“We plan on making this an annual event,” Thomas Apple, dean of the College of Arts and Sciences and professor of chemistry and biochemistry, said in his opening remarks. “It's a superb idea that brings people together to talk about these wonderful awards.”
Byrne said that the Nobel Peace Prize was traditionally awarded for achievements in four main categories--efforts to build a culture of peace, efforts to end armed conflict, compassionate action in the face of cruelty, and to those who braved violence to advance human rights and dignity--but Gore and IPCC fall under a relatively new category that awards efforts to build a peaceful relation between society and nature. Previous recipients in this category are Wangari Maathai and the Green Belt Movement of Kenya in 2004 and Muhammad Yunus and Grameen Bank of Bangladesh in 2006.
To underline the importance of IPCC's work, Byrne quoted Maathai: “Climate change is the single biggest threat to word peace we have ever faced.”

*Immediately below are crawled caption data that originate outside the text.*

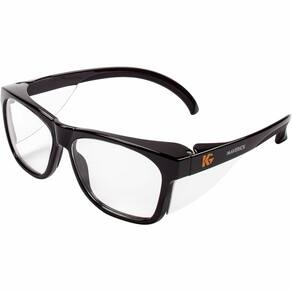 Óculos de proteção ocular de segurança KleenGuard V30 Maverick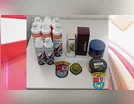 Ladrão de perfumes é preso após furto em farmácia de Ivaiporã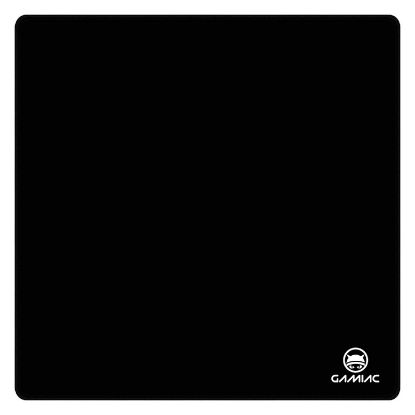 Imagem de Tapete de Rato GAMIAC XL 10 Preto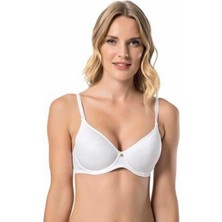 Le Jardin Micro Desteksiz Toparlayıcı Sütyen 9405B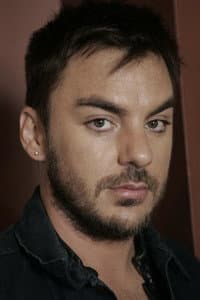 Shannon Leto in Artifact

“The U.S. is the most carbon-intensive civilization,” said Byrne, who pointed out that the amount of carbon emissions for every American person is the same amount produced for every 15 people in India. “Unless we address the per capita rate, there is no way that other countries are going to reduce their carbon emissions.... There is no way we can reach the 3.3 ton [annual carbon emission per capita] goal unless we dramatically change the amount of energy we use every day.”
Byrne said carbon emissions can be drastically reduced through measures and guidelines that were recommended by the state of Delaware's Sustainable Energy Utility (SEU) Task Force, of which he was cochair, in a report available at [www.seu-de.org]. SEU, a sustainable energy utility, was established by law in Delaware on June 28. The legislation establishes a state-supervised nonprofit organization dedicated to helping residents and businesses of the First State conserve energy and expand reliance on renewable energy sources through funds initially seeded by a $30 million bond.
Other speakers at the symposium were: Brian Hanson, chairperson and professor of geography, who highlighted the scientists whose work in the area of climate change gradually created a foundation for the award given to Gore and IPCC; Emily Davis, assistant professor of English, who discussed the works of Doris Lessing, winner of the 2007 Nobel Prize for Literature; and Michael Arnold, associate professor of economics, who discussed mechanism design theory, for which Lenid Hurwicz, Eric S. Maskin and Roger B. Meyerson won the 2007 Nobel Prize for Economics.